現在と90年代ではシャフトの軽量化と硬度や剛性コントロール技術に雲泥の差があり、今ならば長くしても振りやすいドライバーに仕立てることは可能だろうと思う。ヘッドも460ccまで大きくなり、48インチにしても小さく見えて不安になることもない。そういう意味では、ようやく超長尺ドライバーを使いこなせる道具にするための下地が整ってきたといえるのだ。
しかし、長いものは“振り重たい“、“コントロールしにくい“のはシャフトの軽量化だけでは解消できないものである。シャフトの先には相変わらず200g前後の重り(ヘッド)が付いており、長くすればするほどスウィング中に感じる重たさは増してくる。このため、トッププレーヤーの中にも長くするより短くしたほうがコントロールできるし、むしろ安定して速く振れるとして44インチ以下のドライバーを選ぶケースも珍しくはないのである。
デシャンボーが48インチで400ヤード飛ばした! と聞けば、マネしたくなるのも当然だが、デシャンボーがそのクラブを使う前に“肉体改造”をし、目に見えて体幹を強化してきたという事実を忘れてはならない。本当に“遠心力“が増大したのならば、ハンマー投げの選手のようにそれに負けないカラダを作ることが必要不可欠。ドライバーヘッドがこれまでと同じ重さであるならば、超長尺化と体幹強化はセットになってこないとおかしいのだ。

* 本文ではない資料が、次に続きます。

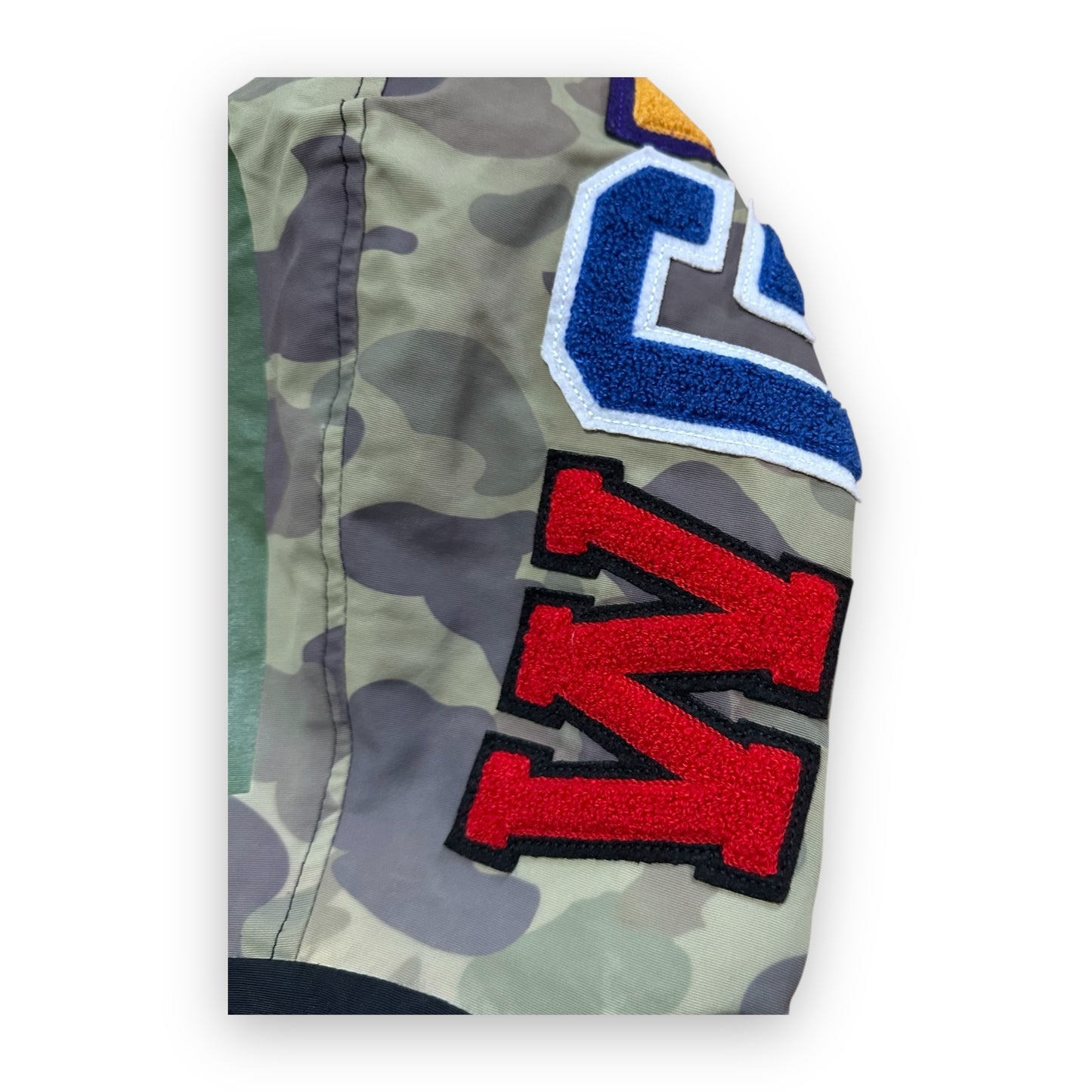 Jacket BAPE Coach Shark Camo Sand Black (S)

ちなみにマッチョになったデシャンボーでも、ドライバーのヘッド重量は175〜185gとかなりウェイトダウンしているという。彼でも、通常の200gヘッド+48インチではスピードアップできないのではないだろうか。鍛えていない我々一般アマチュアならなおさらだ。安易に長尺化だけをマネしてはいけない理由がここにある。
ヘッド重量が従来のまま200g前後であれば、長くするよりもむしろ短くした方が振り切れてスピードも出る場合もあるだろう。43.5インチドライバーを使うトッププレーヤーがいるように、ドライバーの長さはまさに“身の丈“に合わせるべき。超長尺を試してみたいなら、190g以下のヘッド、そして軽くてなるべく硬いシャフト。つまり、今までとは違う組み合わせを試していただきたい。